AGC is also urging the Legislature to pass a transportation package. AGC is a member of the Keep Washington Rolling Coalition, which recently sent a letter to all legislators. In part, the letter acknowledges these priorities:

  • Prioritization of maintenance and preservation projects. We have a significant backlog of deferred maintenance projects that threaten the reliability and safety of our transportation system. Increasing funding for maintenance and preservation projects not only improves the system but also benefits local communities throughout the state. Through these investments, as well as new critical projects, we have the opportunity to stimulate the economy and support local jobs.

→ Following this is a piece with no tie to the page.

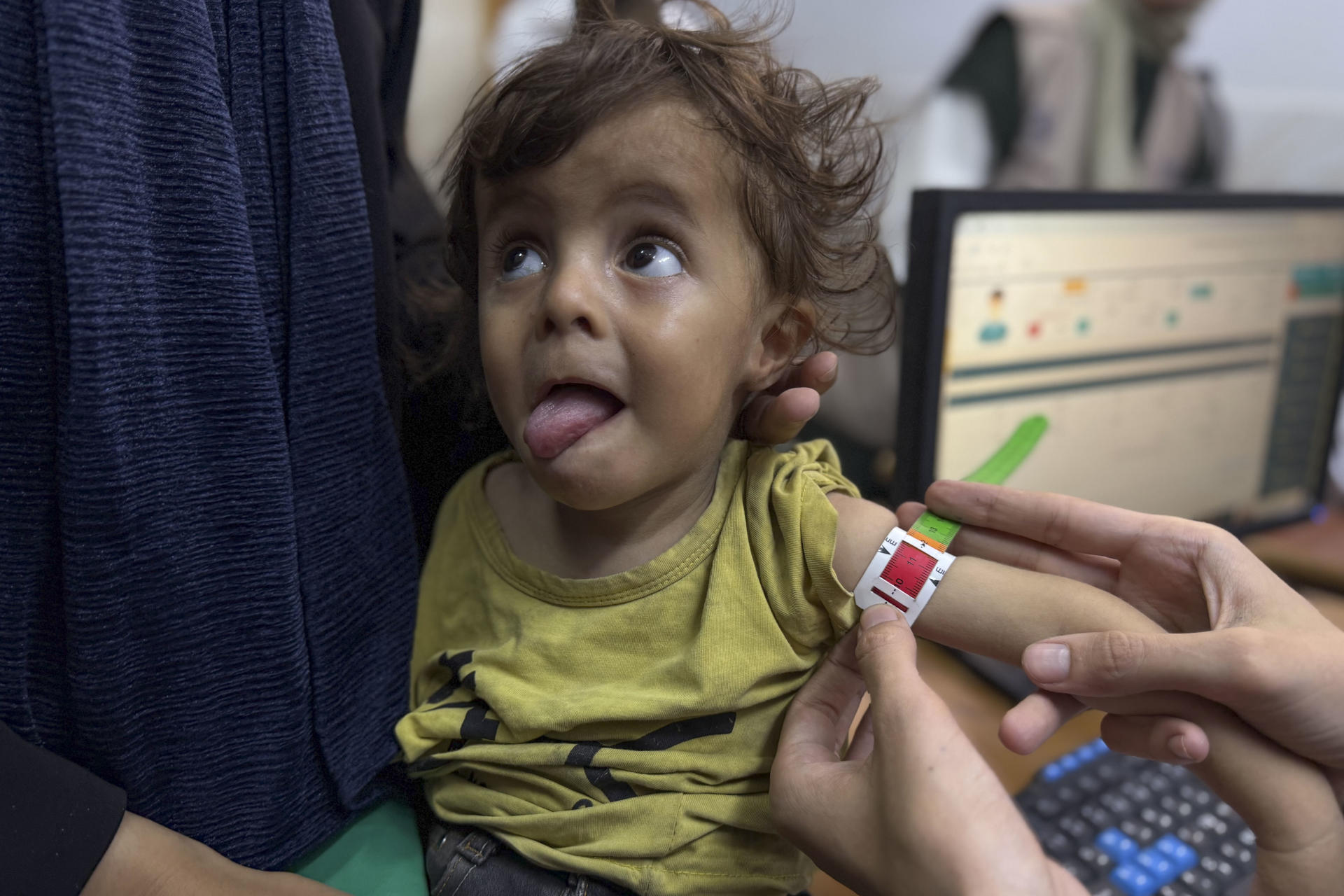 Two people died of hunger in Gaza yesterday, bringing the total to 271, according to the Ministry of Health | De Último Minuto English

  • Culverts. The need to fund removal of fish passage barriers is not an option, it is a legal obligation of approximately $3.4 billion between 2021 and 2030.
  • Invest in a strong interconnected multimodal transportation system. Ensuring the continuity and completion of our multimodal systems around the state is paramount for our essential workers, most vulnerable populations, and the post-pandemic permanent workforce. State investments in transit, bike and pedestrian service and capital needs will be necessary to facilitate a strong economic recovery by creating jobs and assisting workers to return to their work sites.
  • Finish what we’ve started. In 2015, the Legislature adopted Connecting Washington – a $16 billion, 16-year transportation investment plan, multimodal investments and projects in key economic corridors. Many of those projects are already underway or set to begin soon. We should prioritize keeping those projects on track and protecting the jobs they support.
  • Include new revenue streams. We understand that new revenue streams will likely be necessary in any new transportation package. We look forward to working through these options with you.

Already two proposals are under discussion: a 16-year, $27-billion package from House Democrats and a 16-year, $18-billion to $19-billion package from the Senate Transportation chair, Steve Hobbs, D-Lake Stevens. In Washington, transportation investments have always been the product of bipartisan legislative agreement, with broad support from business, labor and environmental groups. That foundation again appears in 2021.